第1章 平成18年度事業の概要

I.目的

平成18年中の交通事故による死者数は6,352人であり減少傾向にあるが、死傷者数及び交通事故発生件数は、昭和53年以降増加傾向にあり、平成18年中の死傷者数は110万4,551人、交通事故発生件数は88万6,864件と若干減少したものの、依然として高水準にある。

内閣府では、毎年多くの交通事故被害者・遺族が生じている現状を鑑み、平成18年3月14日に作成された第8次交通安全基本計画において、「損害賠償の適正化を始めとした被害者支援の推進」を8つの柱の一つに掲げ、犯罪被害者等基本法等の下、総合的かつ計画的に被害者支援の推進を図ることとしている。

これまで内閣府は、平成15年度から平成17年度の3年間に、交通事故被害者支援の高度化を図り、国民が互いに支え合い、安全で安心な交通社会を形成することを目的に「交通事故被害者支援事業」を実施してきたところである。この事業では、1年目に支援担当者が交通事故被害者・遺族に対して適切な対応を取ることを目的とした支援担当者用マニュアル、2年目に交通事故被害者・遺族に接する機会のある関係機関に精神的影響とその対応について広く理解していただくことを目的とした支援担当者用マニュアルダイジェスト版とビデオ、3年目に交通事故被害者・遺族が精神的被害から立ち直る手段として有効な自助グループの立ち上げ定着を目的とした自助グループ支援マニュアルと精神面からの対処法を表したマニュアルをそれぞれ作成した。

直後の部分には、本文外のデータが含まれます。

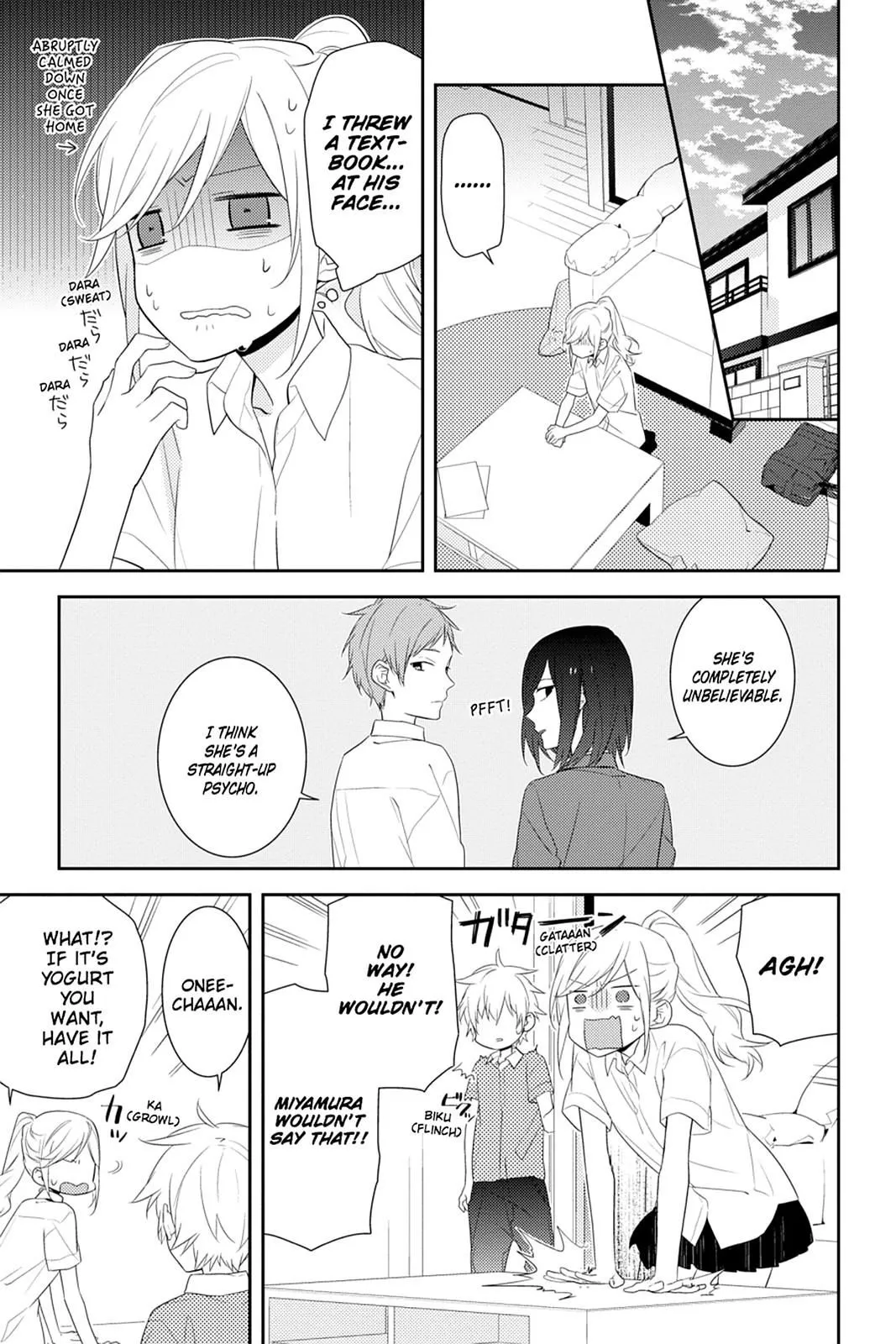 Read Horimiya EN Manga Online
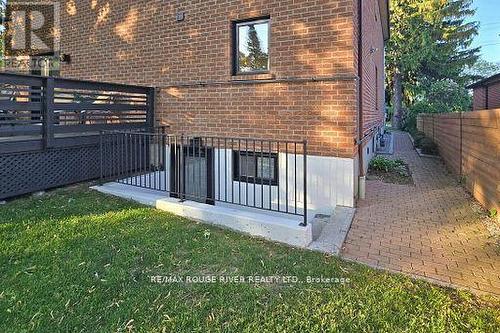 124 Manse Road, Toronto (West Hill), ON - Outdoor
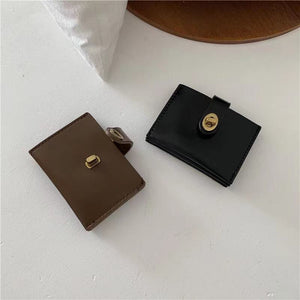 Lock Card Holder, Card Holder, Clutch, Coin Purse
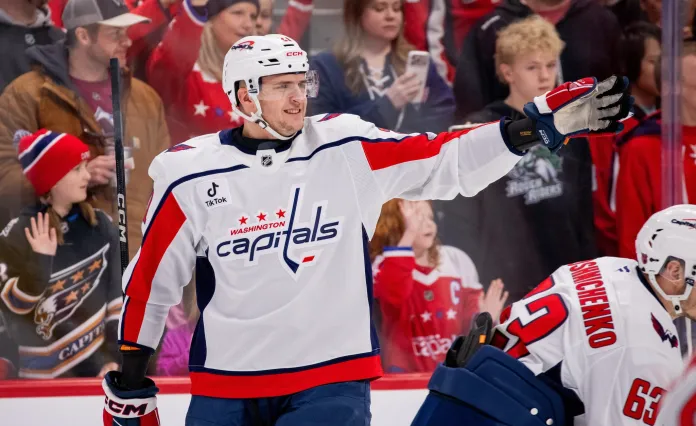 Алексей Протас забил, но «Вашингтон» упустил победу в овертайме против «Эдмонтона»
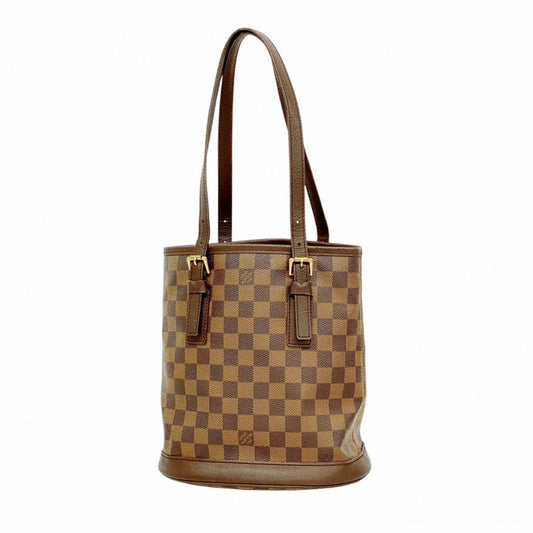 Louis Vuitton Damier Marais Tote Bag N42240 Ebene Womens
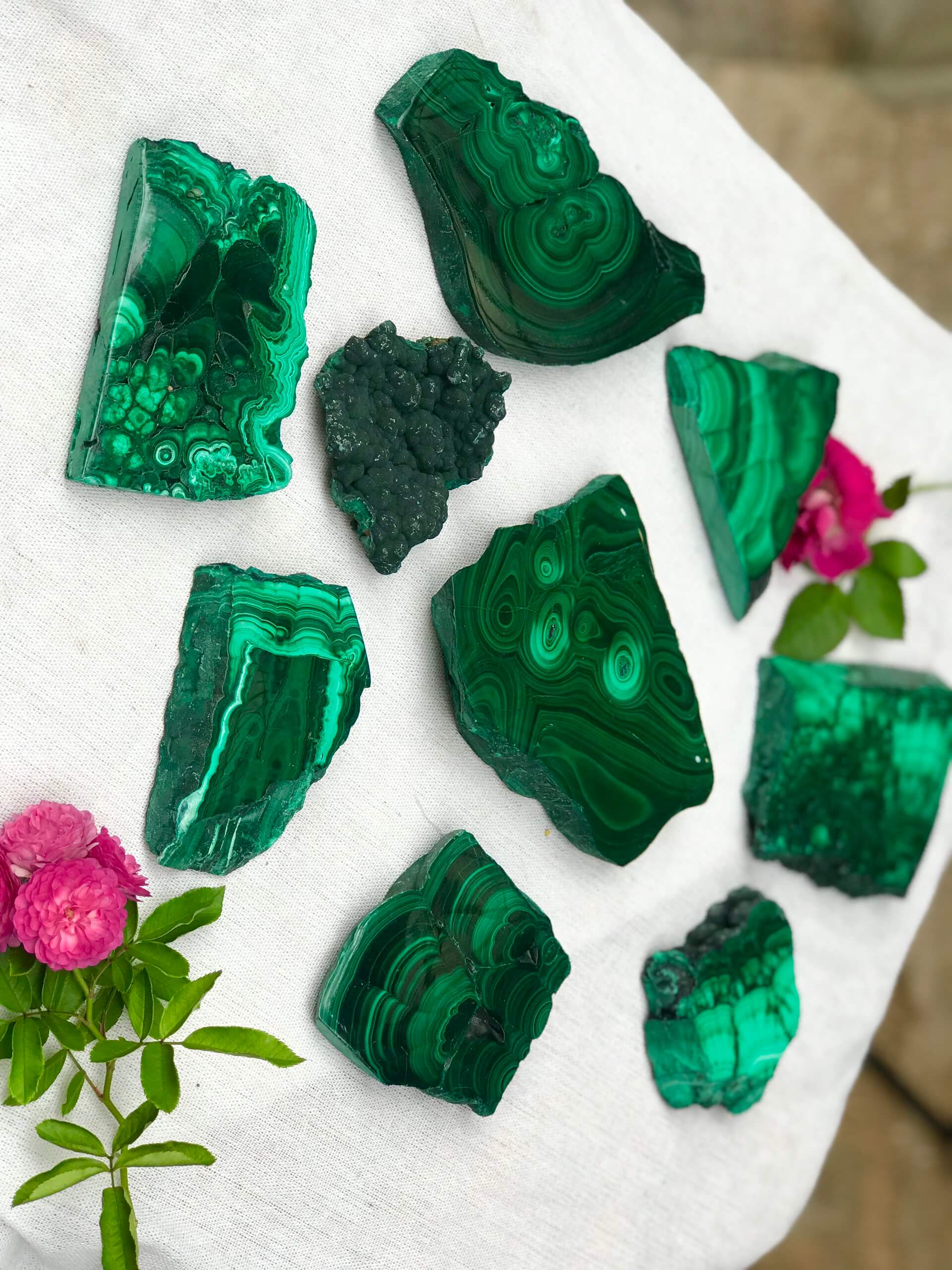 Xuất xứ của đá Malachite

本事業は、前事業を受け、交通事故被害者・遺族のさらなる支援強化を目的に、これまでに立ち上げた各地の自助グループに対し、引き続き継続支援と研修会を開催するとともに、これまで希薄であった交通事故相談所と支援センターとの連携強化のため、交通事故被害者支援の専門家、交通事故相談員及び支援センター担当者による意見交換会を実施した。

II.事業の概要

平成18年度においては、以下の事業を行った。

(1)パートナーシップ事業

本事業においては、研究検討会で今年度の事業の進め方やまとめ等について議論するため、3回検討会を実施した。その結果、自助グループ継続支援では、自助グループのさらなるレベルアップを図るため、これまでに立ち上げた秋田、長崎、いばらきの3カ所の自助グループに対して継続支援を行った。

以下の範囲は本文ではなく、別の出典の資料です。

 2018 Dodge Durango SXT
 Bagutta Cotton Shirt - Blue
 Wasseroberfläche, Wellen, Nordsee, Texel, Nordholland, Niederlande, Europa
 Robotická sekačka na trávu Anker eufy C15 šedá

また、自助グループ連絡会議では、これまでに立ち上げた秋田、長崎、いばらき、石川、大阪、愛知の6カ所の自助グループ間の連携を図るため代表者を集め、意見交換が可能な研修会を東京で開催した。これらの事業の詳細については、「第2章 パートナーシップ事業」のとおりである。なお、この章においては、この事業に携わった支援センター等の職員や自助グループの参加者の氏名が示されている。この点については、本人及び関係者の了解を得ていることを念のためここに記しておく。

(2)スキルアップ事業

本事業においては、各種相談窓口等意見交換事業として、交通事故相談所と支援センターとの連携強化・問題点の改善を図るため、大阪、石川及び長崎において交通事故被害者支援の専門家、交通事故相談員及び支援センター担当者による意見交換会を実施した。

教材開発事業では、平成17年度に作成した自助グループマニュアルをビデオ化するとともに、意見交換会の意見等を踏まえて過去の教材を精査し改訂した。これらの事業の詳細については、「第3章 スキルアップ事業各種相談窓口等意見交換事業」のとおりである。

III.まとめ

平成18年度に実施した事業の成果については、既に述べたとおり、以下の各章及びこの事業による刊行物に詳細に示されているとおりである。これらの成果が十分活用されて、交通事故被害者に対する支援が充実したものとなり、交通事故被害者の被害からの回復が促進されることが期待される。